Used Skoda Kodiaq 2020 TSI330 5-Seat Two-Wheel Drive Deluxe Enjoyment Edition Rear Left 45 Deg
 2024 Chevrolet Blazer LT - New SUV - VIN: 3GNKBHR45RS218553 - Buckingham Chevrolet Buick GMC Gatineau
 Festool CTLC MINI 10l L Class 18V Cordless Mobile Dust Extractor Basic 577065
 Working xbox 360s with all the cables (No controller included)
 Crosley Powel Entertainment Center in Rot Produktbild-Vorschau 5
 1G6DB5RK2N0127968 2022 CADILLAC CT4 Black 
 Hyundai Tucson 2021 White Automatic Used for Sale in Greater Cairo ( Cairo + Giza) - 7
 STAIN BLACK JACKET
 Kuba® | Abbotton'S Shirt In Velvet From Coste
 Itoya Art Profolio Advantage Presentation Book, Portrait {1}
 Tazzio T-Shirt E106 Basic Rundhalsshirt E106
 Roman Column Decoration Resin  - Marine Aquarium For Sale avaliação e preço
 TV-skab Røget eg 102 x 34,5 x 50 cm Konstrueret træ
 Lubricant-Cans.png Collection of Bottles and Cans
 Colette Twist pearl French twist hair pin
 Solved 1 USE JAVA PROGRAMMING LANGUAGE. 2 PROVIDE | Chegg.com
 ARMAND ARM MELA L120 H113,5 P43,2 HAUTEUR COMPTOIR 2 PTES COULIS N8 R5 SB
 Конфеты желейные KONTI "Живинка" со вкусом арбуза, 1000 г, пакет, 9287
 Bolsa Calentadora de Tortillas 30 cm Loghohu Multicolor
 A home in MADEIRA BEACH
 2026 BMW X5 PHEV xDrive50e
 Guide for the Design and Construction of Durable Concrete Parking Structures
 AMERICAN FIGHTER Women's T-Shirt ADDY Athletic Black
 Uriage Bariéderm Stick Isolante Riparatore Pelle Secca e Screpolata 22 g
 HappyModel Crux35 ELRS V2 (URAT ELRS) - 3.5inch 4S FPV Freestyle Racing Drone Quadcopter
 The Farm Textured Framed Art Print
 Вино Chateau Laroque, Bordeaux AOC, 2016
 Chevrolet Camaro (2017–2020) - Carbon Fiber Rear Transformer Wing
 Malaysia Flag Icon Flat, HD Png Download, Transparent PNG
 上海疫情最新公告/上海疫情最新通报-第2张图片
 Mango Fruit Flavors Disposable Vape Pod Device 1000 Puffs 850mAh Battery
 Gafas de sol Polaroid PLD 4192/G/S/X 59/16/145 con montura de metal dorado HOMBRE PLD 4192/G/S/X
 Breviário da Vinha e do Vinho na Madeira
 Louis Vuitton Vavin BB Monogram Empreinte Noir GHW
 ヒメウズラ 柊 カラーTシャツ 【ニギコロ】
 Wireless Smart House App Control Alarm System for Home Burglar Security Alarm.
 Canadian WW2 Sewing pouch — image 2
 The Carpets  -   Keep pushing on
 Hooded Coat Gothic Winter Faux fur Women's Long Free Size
───
WORK INSTRUCTION:
Could you quote, exactly as they appear, the line containing "Louis Vuitton Vavin" and every line after it to the end of the records above?

OUTPUT FOR THIS EXERCISE:
 Louis Vuitton Vavin BB Monogram Empreinte Noir GHW
 ヒメウズラ 柊 カラーTシャツ 【ニギコロ】
 Wireless Smart House App Control Alarm System for Home Burglar Security Alarm.
 Canadian WW2 Sewing pouch — image 2
 The Carpets  -   Keep pushing on
 Hooded Coat Gothic Winter Faux fur Women's Long Free Size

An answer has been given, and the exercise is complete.